Instead of there normal die-pools, hackers and technos will roll Attribute + Skill for matrix actions, with the program rating treated as Reach. For example, Slamm-O wants to take a shot at a passing IC, and thus rolls Logic 4 + Cybercombat 4 (8 dice) with an Attack r.5 program. The IC will rolls its Response 5 + Firewall 4 (9 dice), to defend. Since Slamm-O's Attack program is one higher than the IC's Firewall, he can choose to add to his die pool one die OR subtract one die from his opponent. Slamm-O choose the later and this rolls his pool of 8 + 2 for hot sim, for 10 dice, and gets 3 hits. The IC rolls 9 - 1 from reach for a total of 8 dice, and only nets 2 hits. Slamm-O lands a hit with his Attack program.

There are a few kinks that need to be worked out, since agents could be doubly penalized under this rule if abused. Now I'm entering a new 4e game, and I need to pitch this house rule to another GM. To be honest, he's my roommate, and will probably go for it. Still, I thought I would workshop it here for fun and exercise. Anyone use this rule before? Any other good Matrix house rules to suggest?
thorya
We used a very similar rule in one of my games, but just giving the difference in rating as a bonus to whoever had the advantage (you didn't get to decide as you are proposing). We also did it for using exploits and pretty much all the matrix tests, not just cybercombat. It worked pretty well for our game.

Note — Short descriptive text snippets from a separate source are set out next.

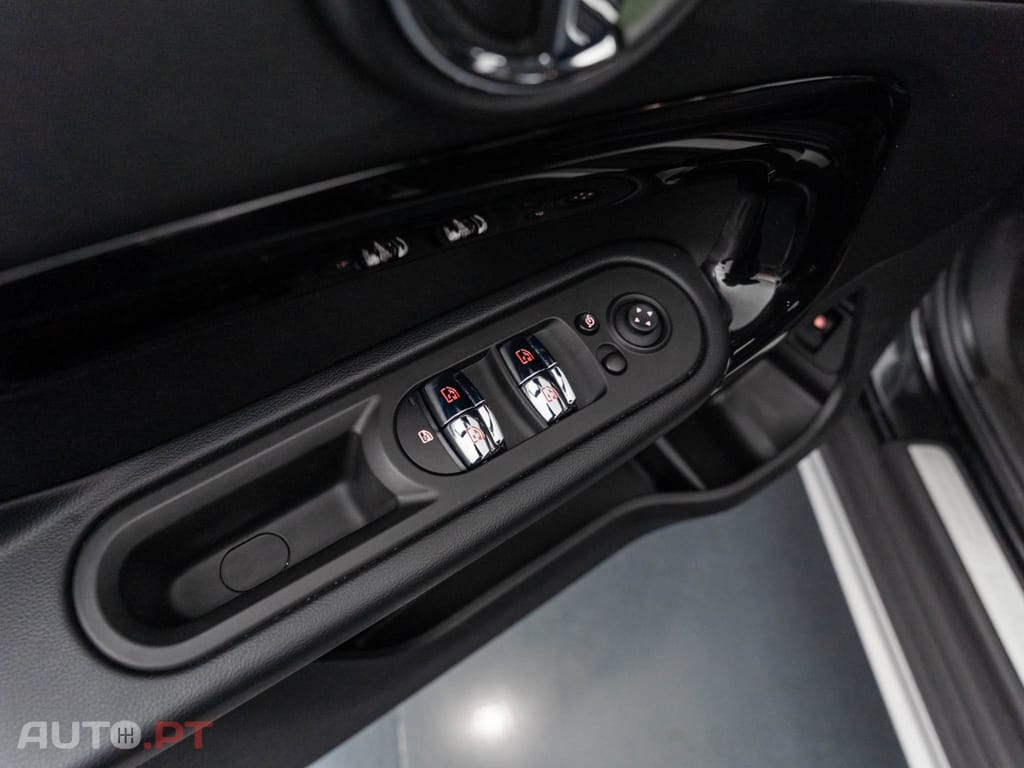 MINI Countryman Cooper SE Premium Essential Auto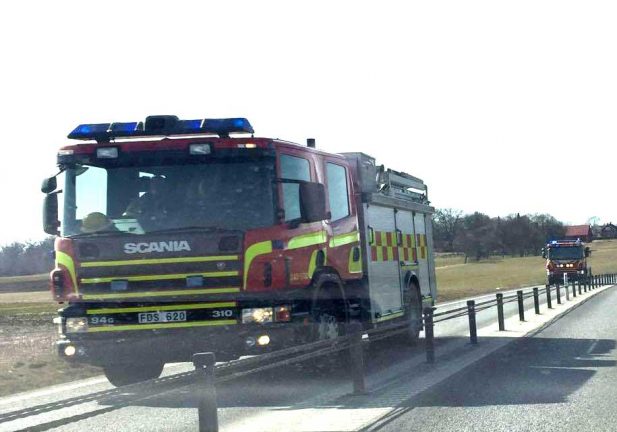 Två bränder just nu – byggnader totalförstörda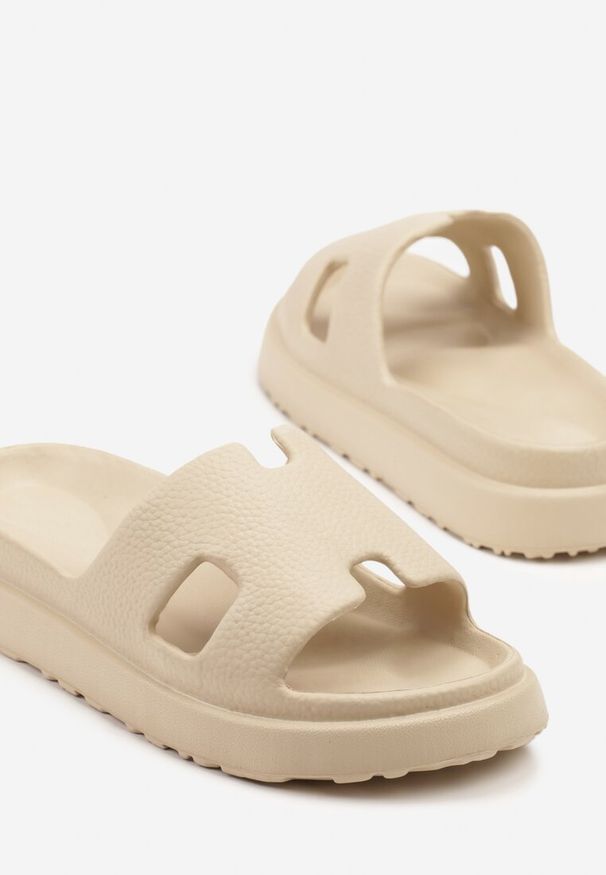 Born2be - Ciemnobeżowe Klapki z Ozdobnymi Wycięciami Kinrela. Okazja: na plażę, na spacer. Kolor: beżowy. Sezon: lato. Styl: klasyczny, elegancki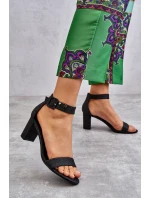 Lesklé sandály na podpatku Černé model 21608002 - Boto Lesklé sandály na podpatku Černé model 21608002 - Boto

We also simplified agents. Rather than being independent programs, they just assisted whatever you were doing and acted as an allocatable dice bonus each round (not pass), but they required a dedicated device to run them. So a rating 6 agent could give the hacker +6 for a round. He could use +2 for stealth, +4 for exploit. Then he gets discovered and in the next round he reassigns the agent (with a simple action) to be +3 armor, +3 attack. The hacker rolling for himself and agents just slowed everything down and this made things faster. Obviously, you'll have to put limits on how many agents and devices they can have to prevent the infinite bonus problem, but we never had a problem with that since the player doing the hacking wasn't interested in building an invincible bot net of rating 1 agents. We also limited the rating of the agent (and its bonus) to the device it was running on's response. The extra rolls for the agents were just slowing down an already slow part of the game.
Wolfgar
That's an awesome house rule, one I might have to steal. I do like the idea of having a network of agents and drones and comm-links to control, however. But for a new 4e player that could really ease them in to the Matrix rules.
Tymeaus Jalynsfein
We played with it briefly and I always thought it worked well. smile.gif
RHat
It actually solves one of the biggest problems with the Programs as Limits option, as this way technomancers can still get very solid benefit from Threading (inter-stream balance remains a very serious problem there, though - might be worth considering letting them use Fading Attribute in place of Logic, representing fundamentally different forms of Matrix interactions and creating more varied characters). Taking it out of Cybercombat for a second though, I've got to wonder how that would work for things like Command or Browse. Just a straight bonus?
thorya
QUOTE (RHat @ Jan 3 2014, 08:07 PM) *
It actually solves one of the biggest problems with the Programs as Limits option, as this way technomancers can still get very solid benefit from Threading (inter-stream balance remains a very serious problem there, though - might be worth considering letting them use Fading Attribute in place of Logic, representing fundamentally different forms of Matrix interactions and creating more varied characters). Taking it out of Cybercombat for a second though, I've got to wonder how that would work for things like Command or Browse. Just a straight bonus?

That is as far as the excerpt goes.